AN INTERDISCIPLINARY APPROACH TO TEACHING “ANALYSIS OF CULTURAL HERITAGE” TO UNDERGRADUATE STUDENTS IN CHEMISTRY
1 Course lecturer. University of Granada (SPAIN)
2 Director, Department of Conservation Science (IPCE) (SPAIN)
3 Lecturer Restoration Workshop.University of Granada (SPAIN)
4 Cultural Heritage Institute of Spain (IPCE) (SPAIN)
About this paper:
Appears in: EDULEARN10 Proceedings
Publication year: 2010
Conference name: 2nd International Conference on Education and New Learning Technologies
Dates: 5-7 July, 2010
Location: Barcelona, Spain
Abstract:This communication presents an interdisciplinary experience of teaching a non-traditional science course: “Analysis of Cultural Heritage” to undergraduate students in Chemistry at the University of Granada (Spain). The purpose of the learning experience was to awaken students to the visual characteristics of the artistic world, providing them with a new perspective on Analytical Chemistry and its relation to the analysis of historic-artistic, architectural and archaeological artefacts, as well as aspects related to its conservation and restoration. This course includes topics such as pictorial techniques used in creating art-work as well as the chemistry involved in their making, their degradation process, the identification and characterization of artistic materials. It enables students to see and understand how chemistry is involved in the creation of art and its important contribution to a scientific approach to the conservation of Cultural Heritage. We think that an excellent way to bridge the artificial gulf between the worlds of the artist and the chemist, is to apply a interdisciplinary method to teaching. We discuss in this paper the main key resources used for teaching this discipline.
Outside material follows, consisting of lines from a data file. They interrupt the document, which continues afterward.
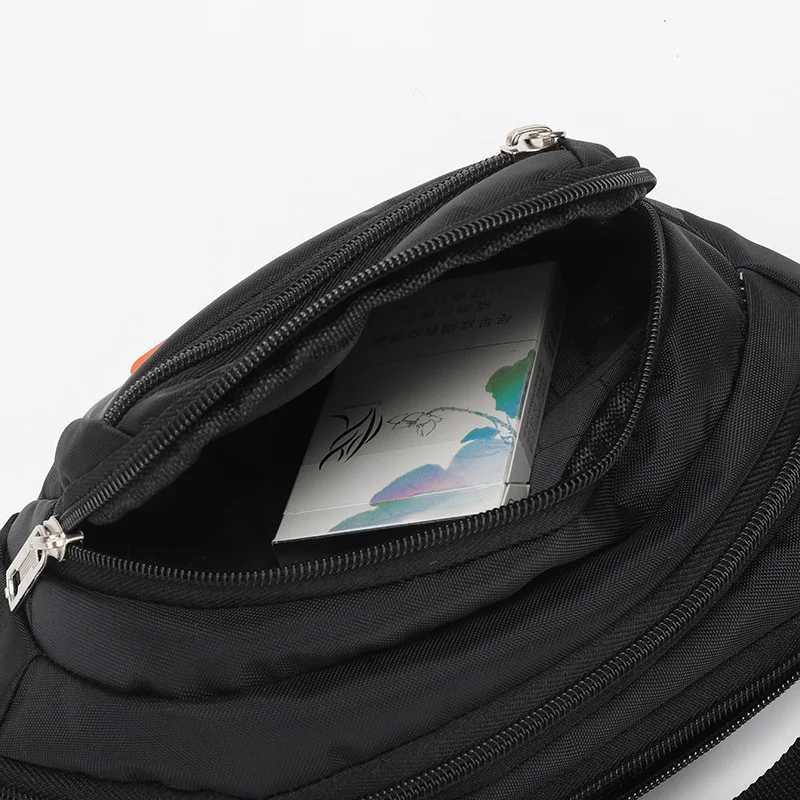 Outdoor Leisure Business Mens Waist Bag Waterproof Running and Cycling Sports Bag Sturdy and Durable Chest BagT251128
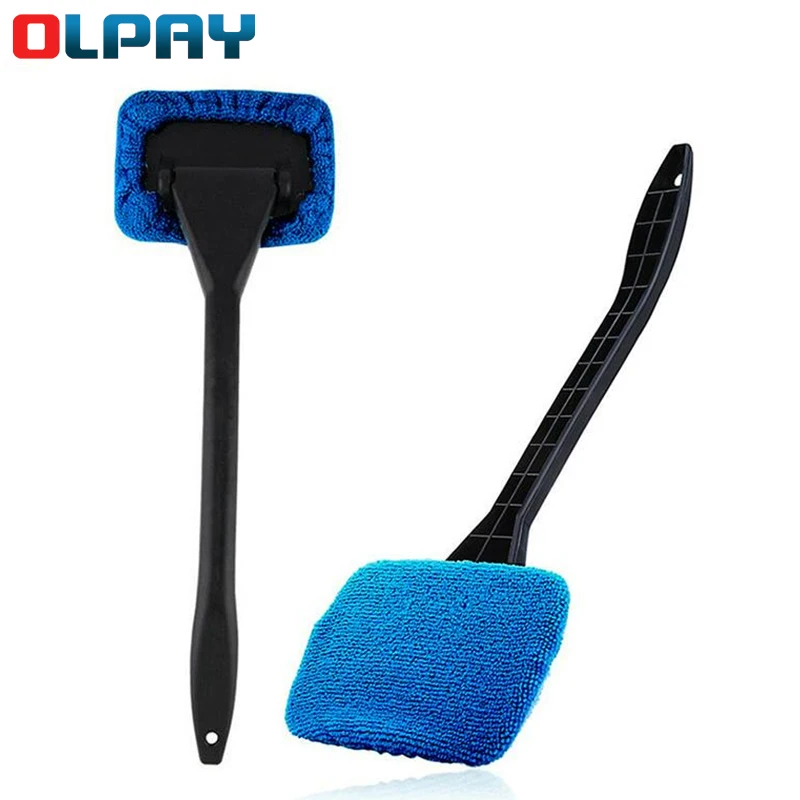 

Car defogging window wiper car home dual-use detachable duster cleaning car window glass cleaning brush with Cloth Pad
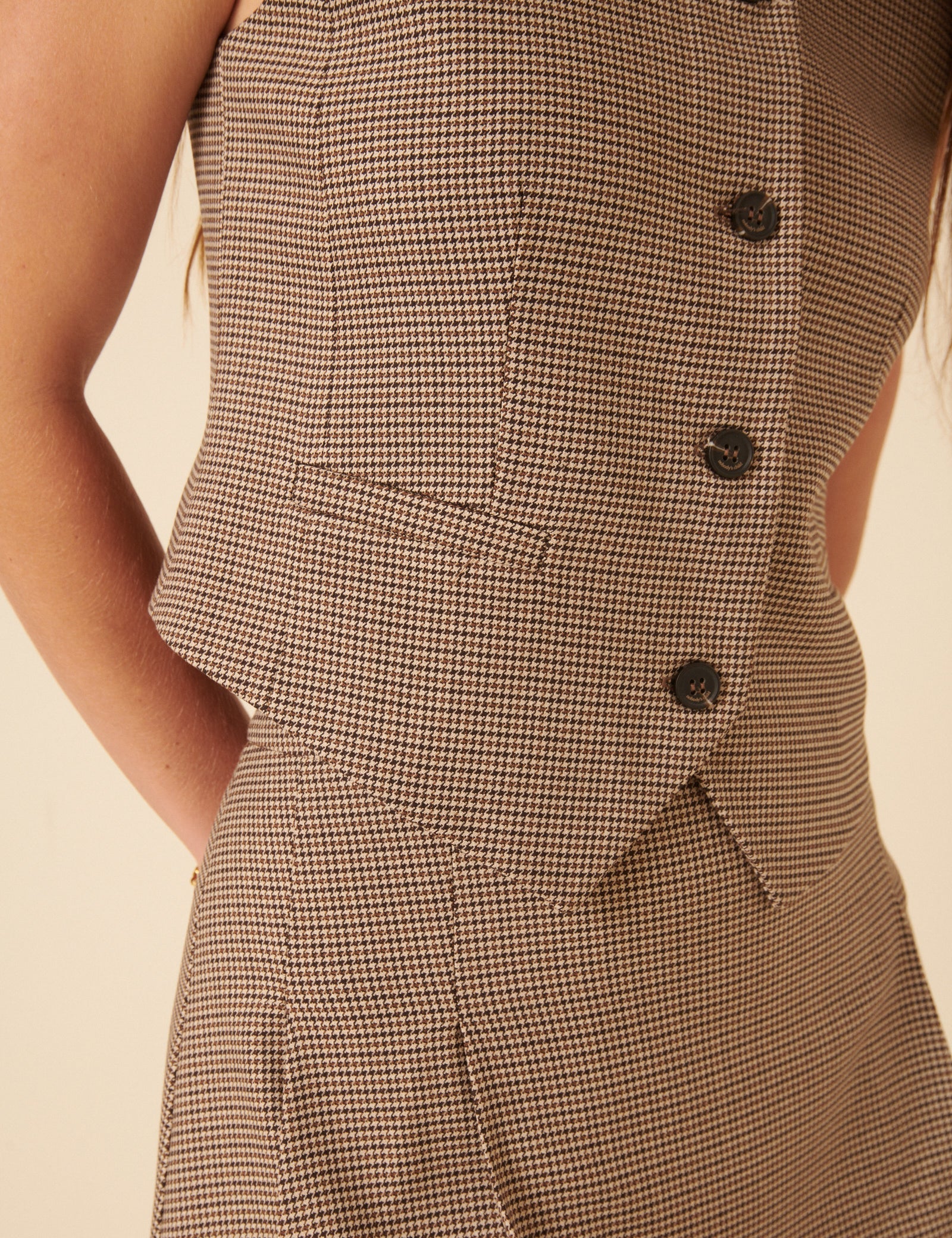 Brown Heritage Check Tailored Waistcoat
A first approach is to create a new website that provides students with ordered information on databases, attractive websites and electronic journals focused on both points of view: art and chemistry. The virtual platform SWAD (“Sistema Web de Apoyo a la Docencia”. University of Granada) permits contact between teachers and students with tutorials and participation in discussion forums.
Because it assumes beforehand that students have no background in Art and Restoration, this Course attempts to initiate their apprenticeship in this field. Thus interdisciplinary activities are proposed in which expert professionals collaborate with seminars which offer a visit to the Painting Restoration Workshop in the University of Granada. There students have an opportunity to see paintings in a completely new way: what the pictures hide (e.g. under drawings). They discover the advanced technology available to conservators before restoration work is undertaken, such as IR reflectography or X-radiography. It is essential that students perceive the need to collaborate between scientists, conservators and curators of Cultural Heritage. Thus, the visit to the Department of Conservation Science of the Cultural Heritage Institute (IPCE, Madrid, Spain) contributes to improvement of knowledge about the professional activities of conservation scientists. In its four units (Analysis of Materials, Biodeterioration, Preventive Conservation and Physical Studies) students have the opportunity to learn how to work with real artwork which has a high scarcity value.
Our teaching experience is unique and the students are thrilled by this interdisciplinary learning experience.
Keywords: Learning experience, Interdisciplinary, Analysis, Cultural Heritage.